Well, the question I want to ask is as follows.
Suppose A and B are Hermitian Positive Semidefinite (PSD) matrices, I wonder if it is possible to prove $Tr(A*(A+B)^{-1})\in (0,1]$ (if it is correct)?
If not, how about when A is of rank 1?
Thanks a lot!
Above is the original question.
In another version, I want to prove $Tr(a_i a_i^H (AA^H))=1$ provided $A$ is non-singular. ($a_i$ is the $i$th column of $A$. The upper script H means conjugate transpose.)
Any idea?
I modify the original question as: if A and B are hermitian PSD and (A+B) is nonsingular, how to prove the following?
$Tr(A*(A+B)^{-1})\le rank(A)$
I have come up with a proof for the new version (actually simpler version of the original problem), as follows.

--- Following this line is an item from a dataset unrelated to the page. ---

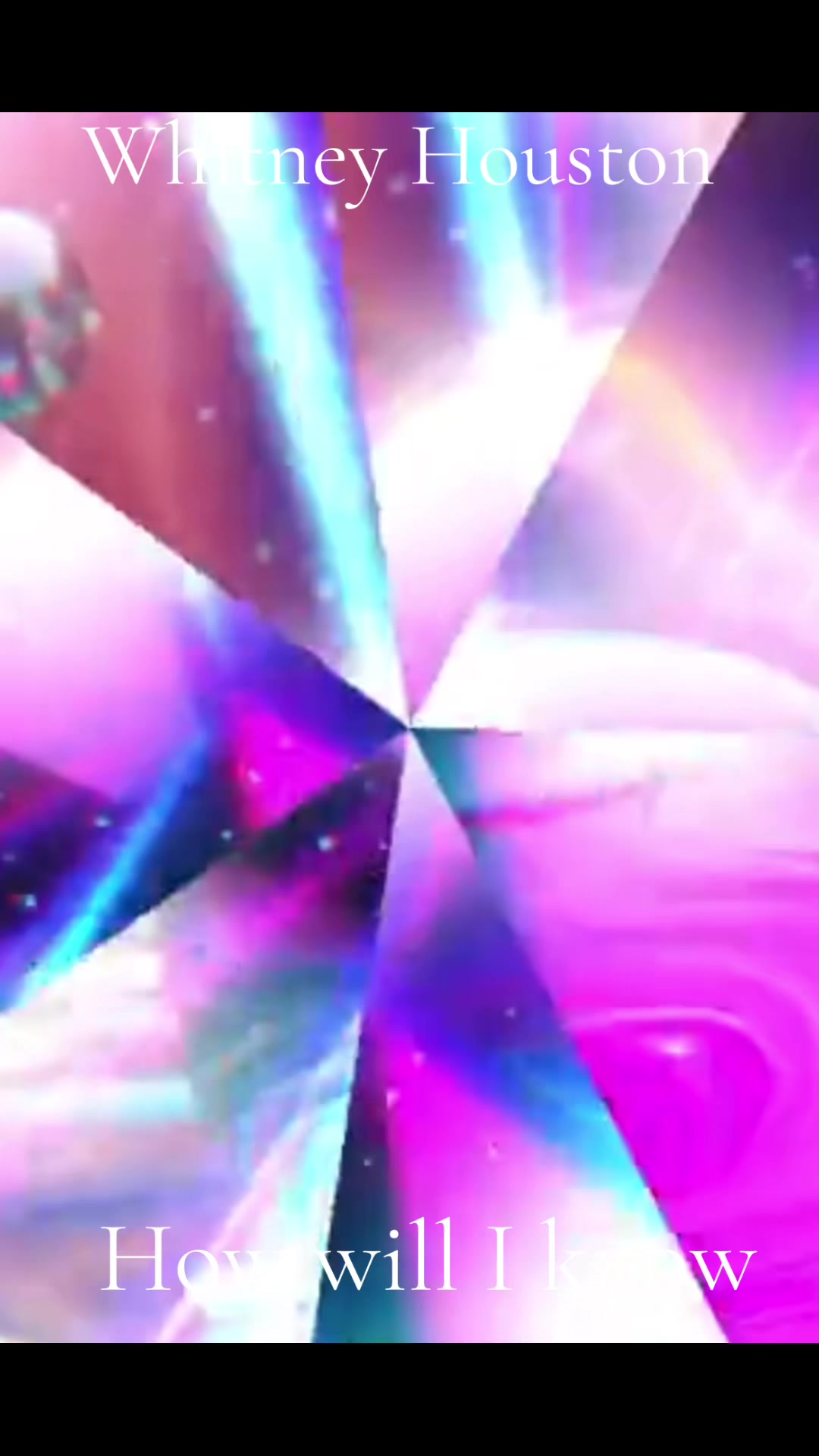 @Soundspectrum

$Tr(a_i a_i^H (AA^H)^{-1})=a_i^H (AA^H)^{-1}a_i$
Since A is nonsingular and we have $A^{-1}a_i=e_i$, where $e_i$ is a column of all zeros except the $i$th element. The reason is that $A^{-1} A=I$, thus $A^{-1}a_i$ is the $i$th column of $I$, the identity matrix.
Thus $a_i^H (AA^H)^{-1}a_i=e_i^H e_i=1$.